Ye Min Aung said the Myanmar Rice Federation invited interested rice millers and rice companies in September and received proposals from around 40 companies for the scheme, which will be underway by January.
“This programme is aimed at promoting summer paddy production and will be mostly implemented in Ayeyarwady, Bago and Yangon regions,” he said. “Summer paddy is important and if the production rate is good, the local and export market will benefit.”
But four of the five farmers interviewed by Frontier said they were not interested in this contract system and that they simply wanted lower input prices.
Regime ‘not showing goodwill’
The basic reference or guaranteed floor price for paddy was set by the junta at K630,000 for 100 baskets on November 11 for this year’s monsoon paddy and the summer paddy early next year.
Although ostensibly aimed at protecting farmers’ income, those interviewed by Frontier said that at about half the market price, it offered no real protection at all.
“They [the regime] set the basic price each year just as a formality.

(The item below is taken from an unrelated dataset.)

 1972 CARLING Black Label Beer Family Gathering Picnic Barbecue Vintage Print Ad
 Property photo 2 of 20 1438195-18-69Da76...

They are not showing goodwill towards farmers,” said Ko Ko.
However, Ye Min Aung insisted that the basic reference price only acts as a guaranteed floor in case prices fall too far.
He pointed out that the price was decided by the Leading Body for the Protection of Farmers’ Rights and Enhancement of their Benefits. Set up after a law passed in 2013, it is composed of agriculture ministry and other officials, private business-owners, farmers’ organisations, technicians and state and regional ministers of agriculture.
Myint Wai, the farmer in Ayeyarwady, said farmers could not survive at that price.
“If farmers were to sell their paddy at the basic price announced by the government, you would have to go to the museum to see one,” he declared.